C'est en effet dans un livre que se déplace Fanny, un territoire qui ressemble à celui du roman-feuilleton par moments, avec ses courts intitulés de chapitre (“ Eugène s'enfuit ”, “ Lucette disparaît ”, “ Récit de tante Colette ”, “ La véritable histoire de tante Léda ”), ses retrouvailles, ses explications qui embrouillent tout, un pays magique où l'espace est difficile à évaluer comme celui des rêves, les voyages se font à pied, en autocar, les villages d'à côté sont toujours plus loin que les villages d'au-delà – où l'on arrive plus tôt que prévu. Le domestique en livrée rouge donne une carte postale représentant une place d'une ville où pourrait se trouver Léda. Fanny suit un petit garçon, tombe dans un restaurant bizarre, Au Coq Hardi où quelqu'un se souvient d'une Léda, oui... Léda est parfois une chienne, le nom d'une société de transports, une devise – Loyauté, Endurance, Discipline, Ardeur, – et la quête de Fanny a les allures du rébus cauchemardeux qui donne toute sa beauté aux investigations des héros du Cosmos de Gombrowicz. Le coefficient d'inconfort est subtilement élevé, sans que la logique d'un récit classique soit rompue, simplement tendue en plein absurde jusqu'à la douleur.
C'est long, la vie de famille, parfois morne, on ne résumera pas les mille péripéties auxquelles Fanny est soumise ; les reproches dont l'accable tante Colette se ramènent à un seul, fondamental : “  Au début, Fanny, tu n'étais pas différente de nous. C'est petit à petit que tu as pris conscience de ta singularité, celle-là que nous affections de ne pas voir. Pourquoi n'es-tu pas restée la même ?  ... Une nouvelle photographie montrait Fanny dans tout l'éclat de sa particularité, jeune fille maintenant auprès de sa cousine frêle et pâle... ” On ne saura jamais en quoi consiste la particularité éclatante et insupportable de Fanny – c'est ce qui rend ce livre subversif et magique : est-ce d'être devenue écrivain comme l'auteur, d'être noire en pays blanc, d'être différente au pays des autres, tout à la fois ? Le paradoxe étant que seuls ces autres se voient comme les mêmes, alors que NDiaye et Fanny nous ont révélé, en chacun comme en nous-mêmes, l'éternelle part de la personne déplacée. 

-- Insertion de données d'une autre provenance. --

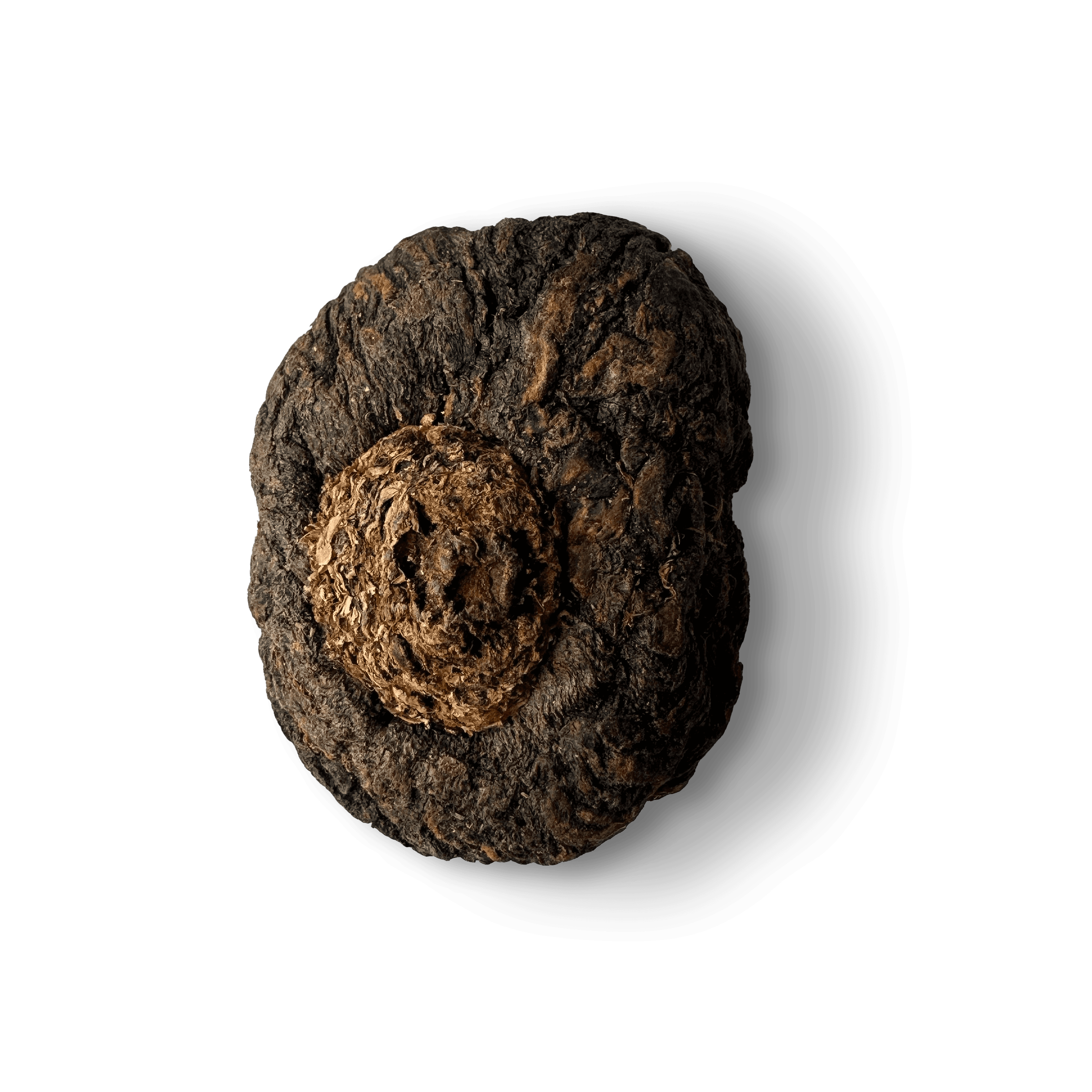 Black Maca root, raw and dried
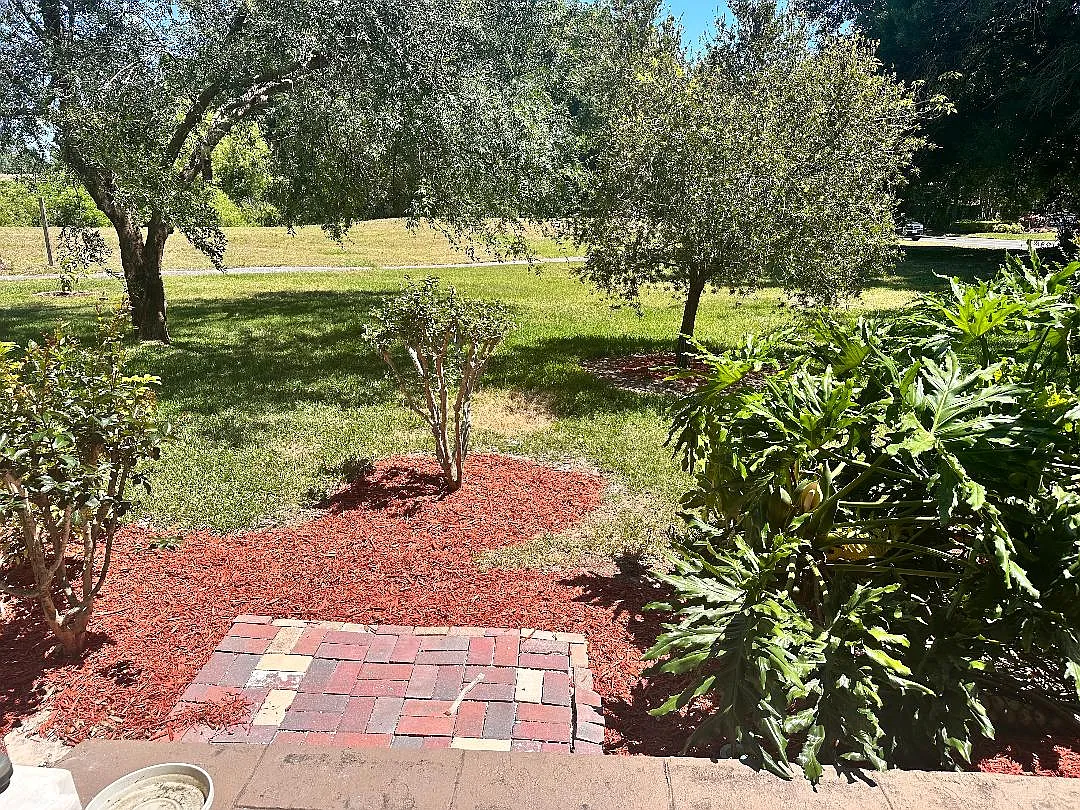 Building Photo - 925 Fenton Ln #2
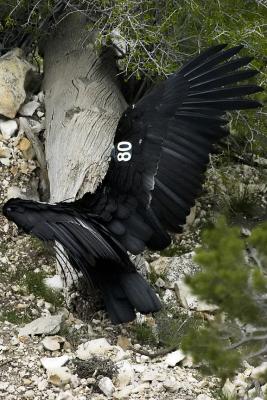 California Condor #8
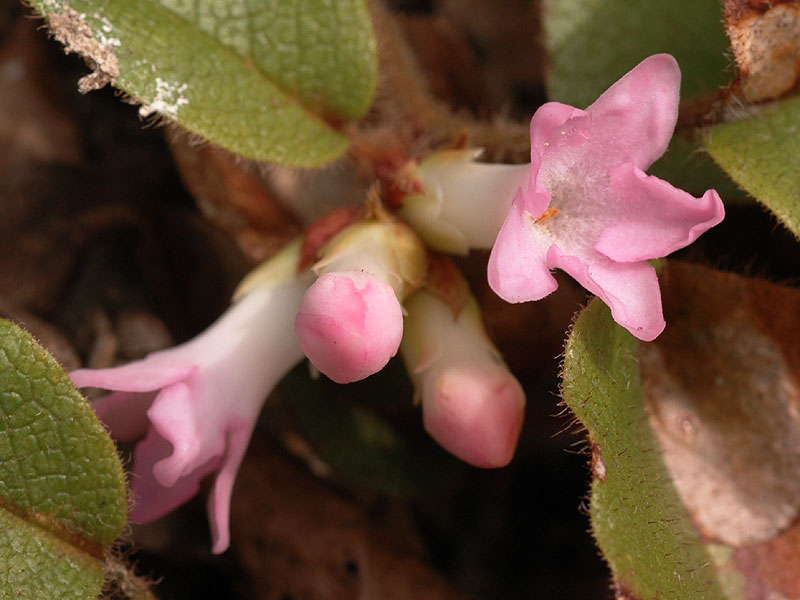 Trailing Arbutus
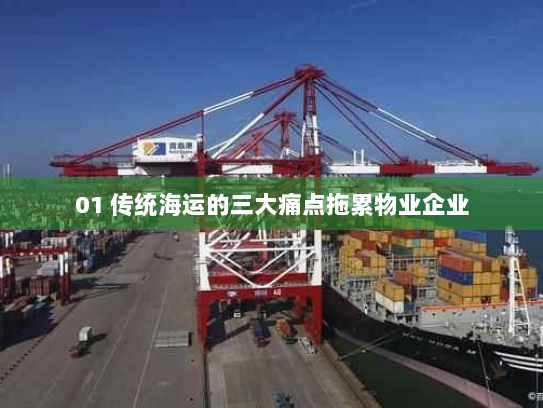 01 传统海运的三大痛点拖累物业企业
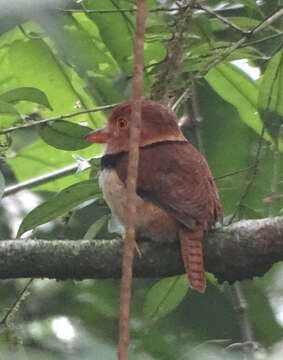 Image of Collared Puffbird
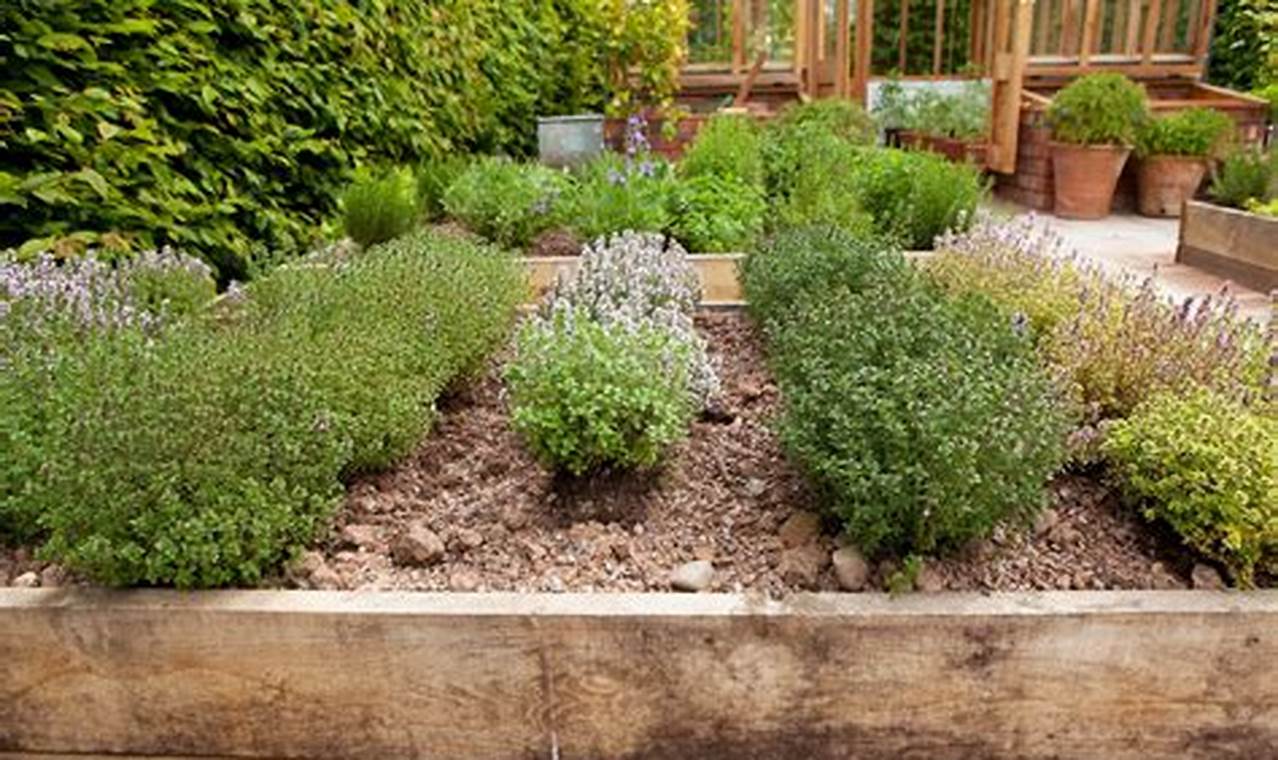 Explore Herbal Garden Images: Inspiration & Beauty The Ultimate Herbal Remedies Guide: Natural Healing for a Healthier Life Explore Herbal Garden Images: Inspiration & Beauty | The Ultimate Herbal Remedies Guide: Natural Healing for a Healthier Life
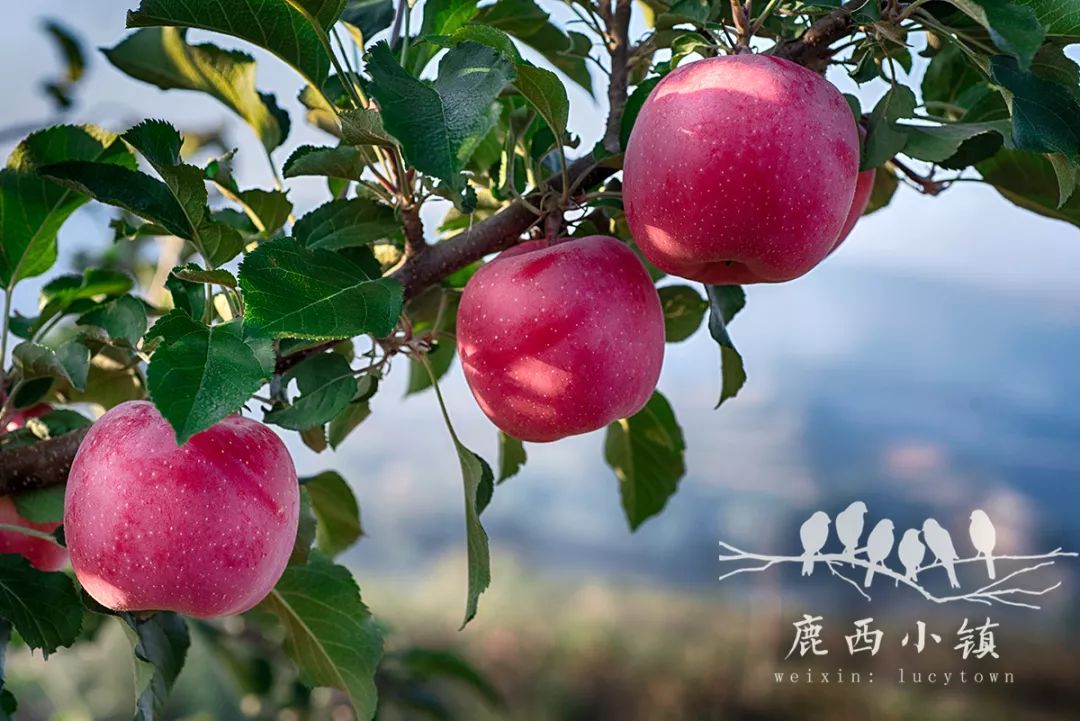 最漂亮的苹果图片大全——赏心悦目的视觉盛宴，最漂亮的苹果图片大全，赏心悦目的视觉盛宴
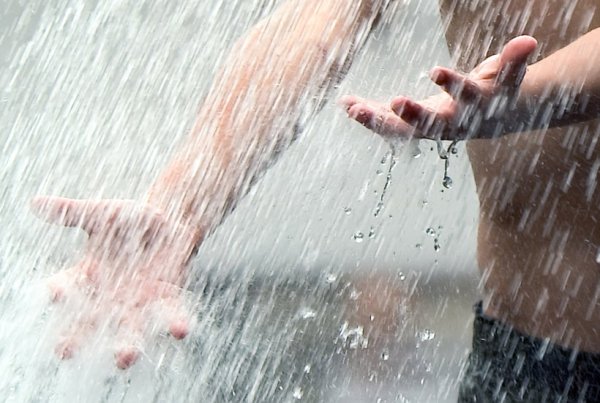 Моется под дождем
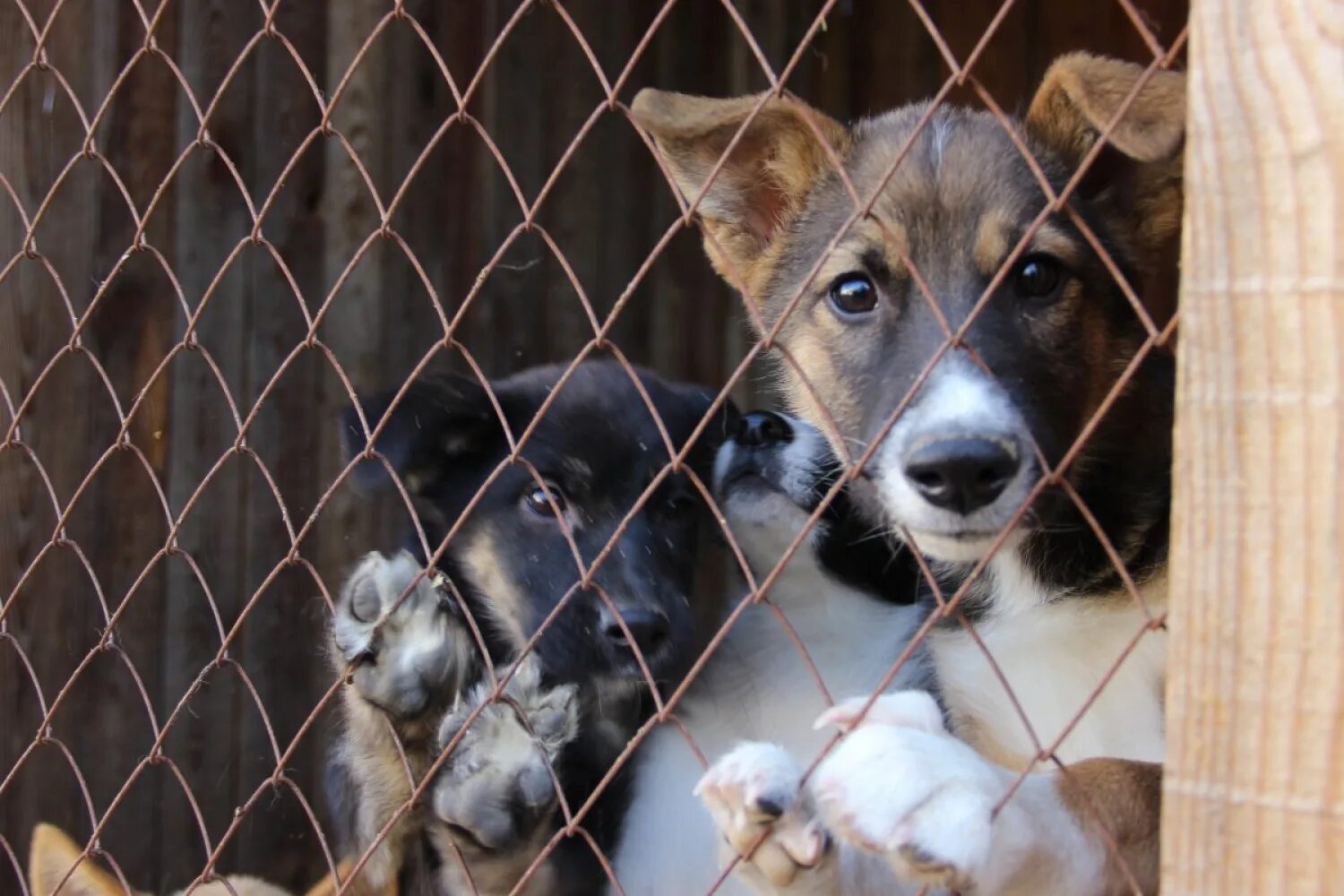 Кот и пёс приют для бездомных животных. Сайт приюта бездомных животных. Приют для бездомных животных в москве. Приют для приют в москве приют москве. Приют для бездомных собак в москве.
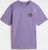 purple haze (501)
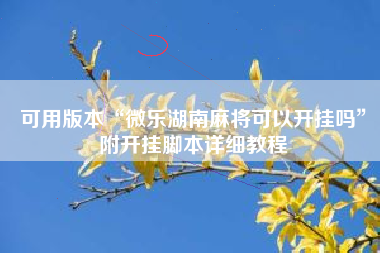 可用版本“微乐湖南麻将可以开挂吗	”附开挂脚本详细教程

Françoise Giroud (Le Journal du dimanche, 1991)

 Un récit qui caracole en margé du réalisme et dont le genre n'entre dans aucune catégorie connue... Un poids, une résonance parfois déchirante. 

François Nourissier (Le Figaro magazine, 12 janvier 1991)

Un roman de l’exclusion
 
 Le grand intérêt de ce roman, outre la subtilité de sa narration et la qualité impressionnante de la forme, c’est de traiter un problème actuel, grave, dont se détournent prudemment la plupart des écrivains, et de le traiter dans des décors de ce temps. Entreprise très littéraire, En famille est aussi un modèle de réalisme contemporain.